If you have just checked out the entirety of the Detroit Pistons as of today, you might have realized this soon: There’s nobody there at the 3-spot other than– you guessed it– Stanley Johnson.

It’s not a secret by now that Johnson is and will be a big part of Motor City immediate and long-term future. What’s not to like? He has that Ron Artest-like, 245-pound diesel of a body and like MWP, plays both ends of the floor like a madman but without the excess baggage.

Can anybody imagine what Artest would be like without all those crazy antics? Look at Stanley Johnson by March next year and you got your answer.

3. Willie Cauley-Stein, Sacramento Kings

Anyone suggesting a Rudy Gay-DMC combo at the 4-5 spot must be out of their freaking minds (and yes, I’m looking at you Bleacher Report!). It’s like telling Leonardo to paint Kim K. instead Mona Lisa or asking Vincent Van Gogh to paint something like “A Cloudy Night” instead.

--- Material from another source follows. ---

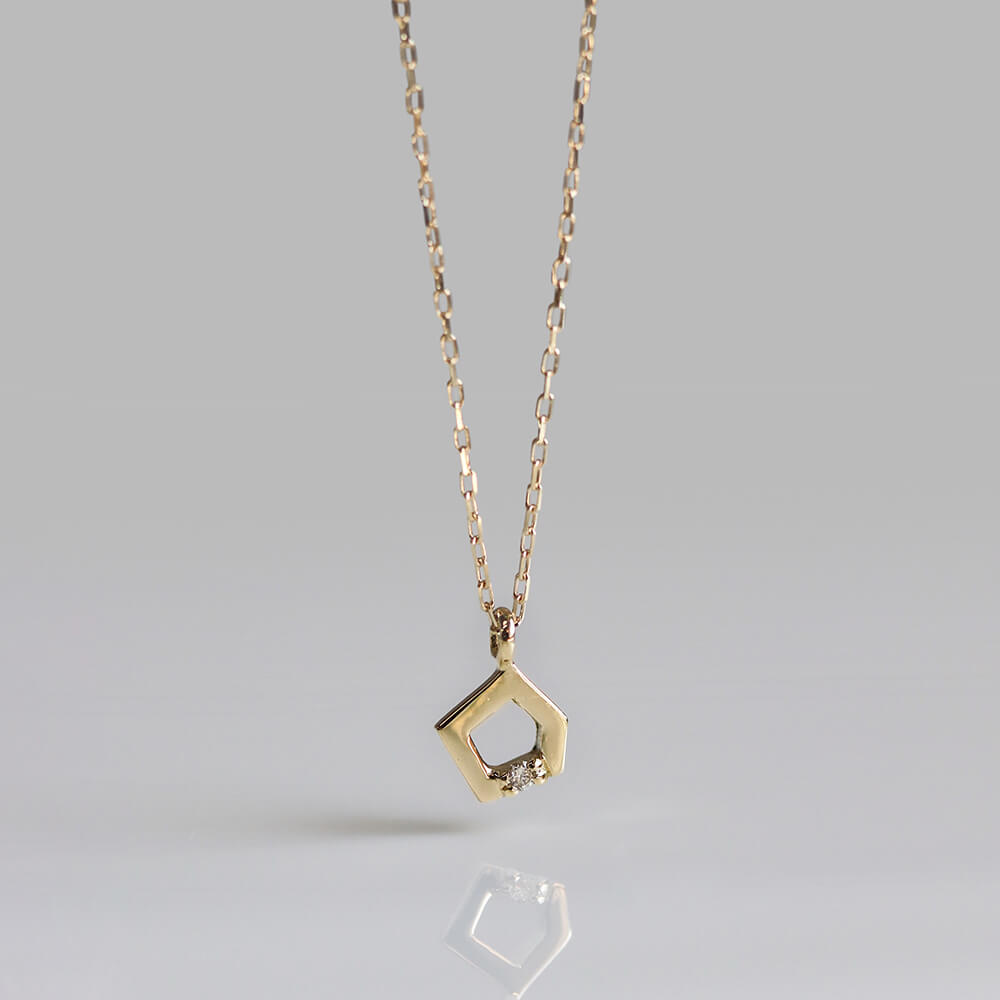 ダイヤモンド ペンダゴン ネックレス | K10YG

Not only will Willie Cauley-Stein allow DeMarcus Cousins catch his breath on defense, he would also allow Gay, Ben McLemore, and whoever else in a Sacramento uniform to make some “mistakes” on that end but won’t nearly pay for it as heavily.

Of course, I’m not suggesting that the four other Kings leave Cauley-Stein alone to handle defensive duties, but wouldn’t it be great knowing someone out there behind you will always be ready to cover for all those unintentional defensive mishaps?

4. Jahlil Okafor, Philadelphia 76ers

The Philadelphia 76ers are in dire need of a consistent offensive threat. That alone makes Jahlil Okafor one of the rookies who should start in the 2015-16 season.

Joel Embiid may miss the whole year again with a bum foot but an Okafor-Nerlens Noel tag team is more complementary, not to mention interesting.

5. Jerian Grant, New York Knicks

Probably one of the more underrated Draft Day deals, the New York Knicks got consensus All-American in Jerian Grant in exchange of Tim Hardaway, Jr., who is now an Atlanta Hawk.

Nothing against Hardaway but Grant is one of the better college players around, fresh off a 16.5-point, 6.7-assist, and 3.0-rebound senior-year tenure in Notre Dame. His age might have been the reason why he dropped that low but after the Knicks drafted Kristaps Porzingis, we all know by know they don’t really care when you were born.

And it’s not bad to impress the boss with your game, either.

6. D’ Angelo Russell, Los Angeles Lakers

I’d like to think D’Angelo Russell’s summer-league performance is the exception and not the norm. But even if the Ohio State guard still comes out the gate a little rusty, there’s really no other direction for the Lakers to go.

Jordan Clarkson is primarily a scorer and Kobe Bryant is 37 years old which means, no one’s left to handle point guard duties but Russell. If the Lakers really think Russell is their point guard of the future, it makes no sense to delay the inevitable.

7. Karl-Anthony Towns, Minnesota Timberwolves

Speaking of the future and not delaying the inevitable, the No. 1 overall pick should by all means be taken for a joyride as soon as opening night. There will be problems, like the fact that he is foul prone and played only 21 minutes per last season in John Calipari‘s factory of future NBA players in Kentucky.

But would you rather have him step behind the living dinosaur Kevin Garnett and Adrian Payne or have him figure out the nuances by himself? I’d say the latter.

Other Possibilities:

  • Justice Winslow— Could play all over the floor but last time we checked, Luol Deng and Dwyane Wade is still in Miami
  • Myles Turner— Surprise pick at 11th, but the Pacers got rid of Roy Hibbert. Do the math.
  • Frank Kaminsky— NBA-ready and can stretch the floor but he needs to go over Cody Zeller on the depth chart.
  • Kristaps PorzingisPhil Jackson said they plan to bring him along slowly. Who knows, maybe March or April?